Un peu comme le mardi 18 juin dernier, lors du discours d’Alassane Ouattara devant les deux chambres du parlement ivoirien réunis en congrès. Ce jour-là, le président ivoirien avait distribué à tour de bras les bons points à ses ministres. Et même à celle de l’éducation nationale qui n’avait pas fait mieux que 40,18% de taux de réussite national à l’examen du Brevet d’études du second cycle (Bepc). Ou encore à celui de la construction et de l’urbanisme qui continue de rester en poste malgré le phénomène récurrent des immeubles qui s’effondrent à Abidjan. Bref, au fil des années, c’est comme si deux mondes parallèles s’étaient formés en Côte d’Ivoire avec d’un côté, la majorité des populations qui sont frappées par la crise du logement, le renchérissement du prix de l’électricité et du carburant, l’inflation ou encore par le manque de travail et qui sont, pour cette raison, obligées de se réfugier dans des quartiers précaires où les maisons sont construites avec des matériaux de récupération.

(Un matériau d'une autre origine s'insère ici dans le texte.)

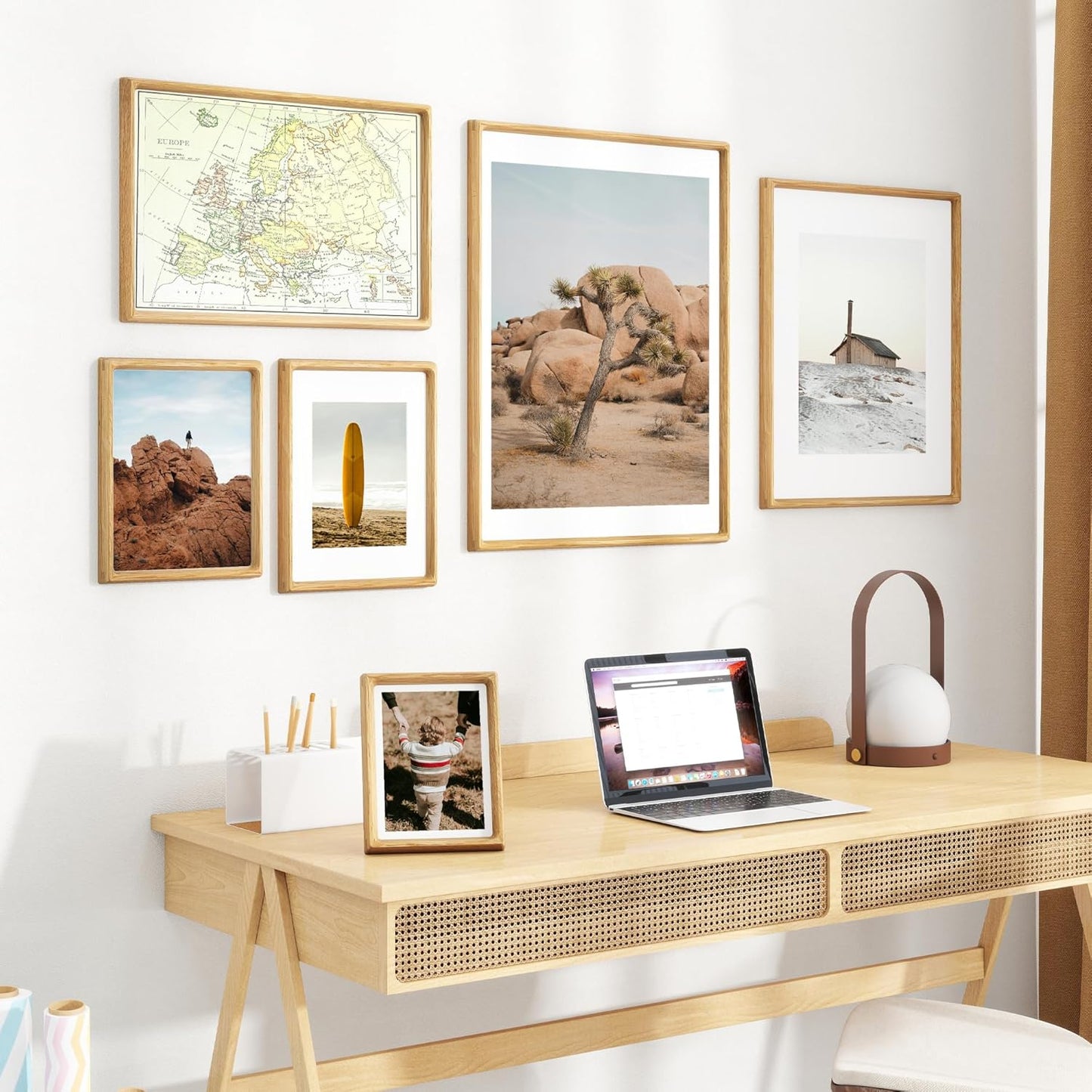 6x8 Frame USA-Sourced Natural Oak Wood Solid Wood Photo Frame Handcrafted Rounded Corner with Mat to 5x7 Picture Frames Display with Real Glass Family Picture, Wedding Picture, Photo, Certificate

Et la minorité dont le train de vie s’affiche dans les belles pages des magazines locaux ou à travers les vitres teintées des véhicules rutilants qu’ils arborent.

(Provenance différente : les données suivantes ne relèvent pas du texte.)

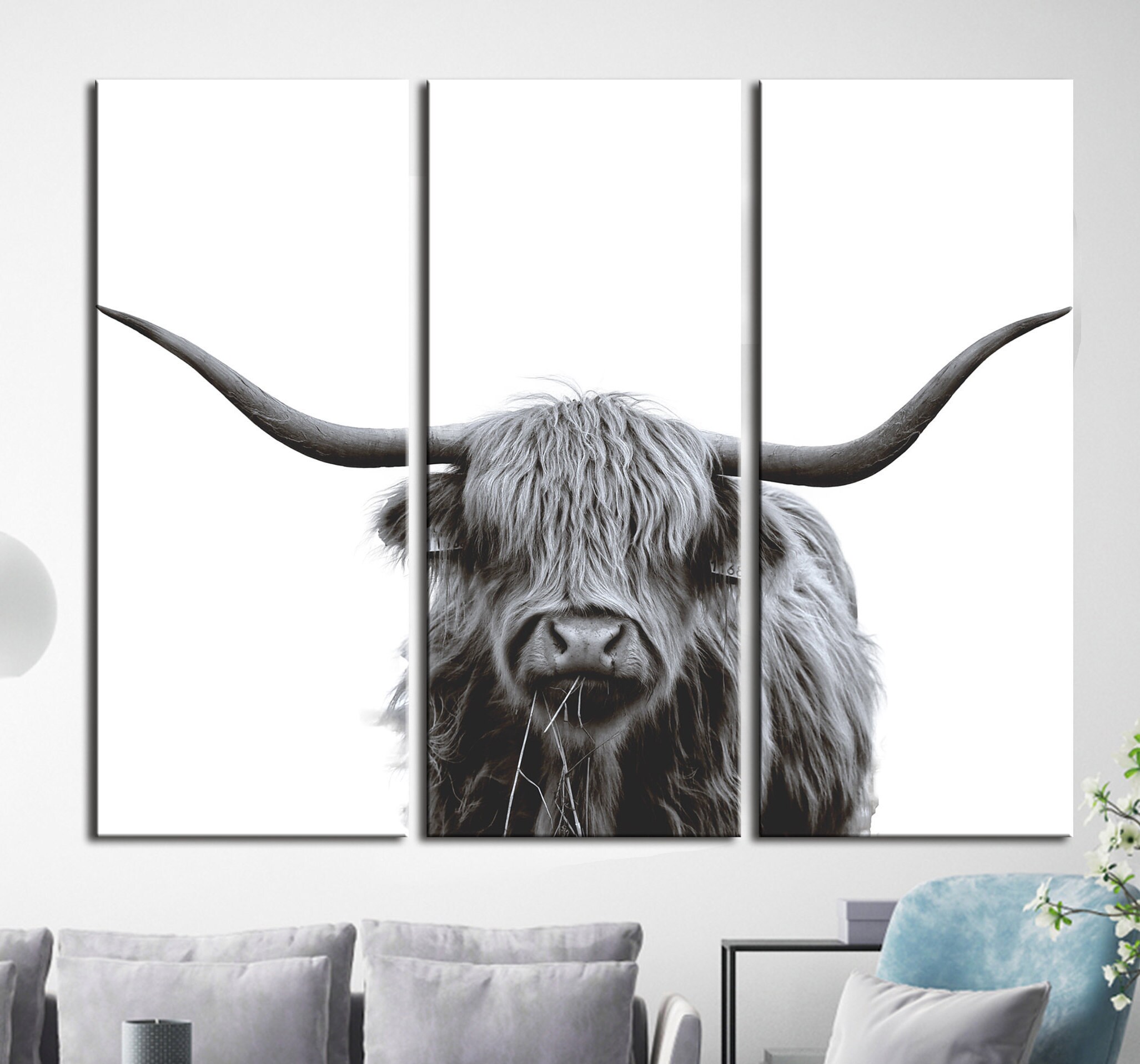 Highland Cow Print Wall Art Canvas Set Modern Minimalism | Etsy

Car en Côte d’Ivoire, les pauvres ne bénéficient d’aucune mesure d’accompagnement de l’Etat qui s’est résolu, d’année en année, à les chasser de leurs maisons, lors des opérations de déguerpissement qui ont pris une ampleur inédite cette année avec l’arrivée de Cissé Bacongo à la tête du district d’Abidjan. Selon une étude du Bureau national d’études techniques (Bnetd), la ville d’Abidjan seule comptait en 1992, 72 quartiers précaires pour 300.000 personnes. En 2014, ce chiffre est passé à 135 selon le PNUD avec plus d’un million d’habitants vivant dans des conditions sanitaires désastreuses. Alors, dès 2023, le gouvernement a entrepris de les réhabiliter grâce au programme PAQRA d’une valeur de 32 milliards. Ce programme est financé par l’AFD conformément au contrat de désendettement qui lie la Côte d’Ivoire dans le cadre de l’exécution du programme PPTE. Mais au lieu de joindre l’acte à la parole, le gouvernement a plutôt choisi de démolir tous les quartiers précaires sous le prétexte de vouloir épargner des vies humaines lors des grandes crues qui allaient déferler sur le pays. A l’arrivée, malgré ces déguerpissements, plus de 22 personnes ont déjà perdu la vie, soit plus que d’habitude.

 

38% du capital humain, selon la Banque Mondiale

La Côte d’Ivoire est aussi confrontée à l’insuffisance des infrastructures sanitaires, notamment celle criante des plateaux techniques des hôpitaux d’élite. C’est d’ailleurs la raison pour laquelle les riches du pays se font soigner en Europe. Mais malgré cette réalité quotidienne, le gouvernement assure avoir construit des centres de santé à moins de 5 km, selon les normes du FMI. D’ailleurs, sur le terrain, l’on a parfois recours aux services des matrones pour faire accoucher des parturientes, faute de sage-femme, d’infirmier ou d’ambulance pour le transfert des cas compliqués.

Pourtant, au chiffre de l’indice de développement, s’ajoute également celui du plus faible capital humain. Le capital humain est le niveau potentiel de performance qu’un système de formation est capable d’offrir aux citoyens d’un pays. En Côte d’Ivoire, ce chiffre est de 38% selon la Banque Mondiale. Dans le détail, ce chiffre décrit l’affaissement du système éducatif ivoirien, explique l’universitaire Mamadou Koulibaly pour qui « le système de formation, de santé, d’institutions qu’on a aujourd’hui, donnera des citoyens qui vont fonctionner à 38% de leur potentiel dans 18 ou 20 ans alors que la moyenne est de 40% en Afrique contre la moyenne des pays développés qui est de 71 à 75% du potentiel des citoyens ».

Cela dit, tout le monde n’est pas logé à la même enseigne puisque la classe dirigeante forme généralement ses enfants dans les meilleures universités occidentales. Ce qui, à terme, devrait consolider l’ensemble des inégalités qu’on observe aujourd’hui dans le pays.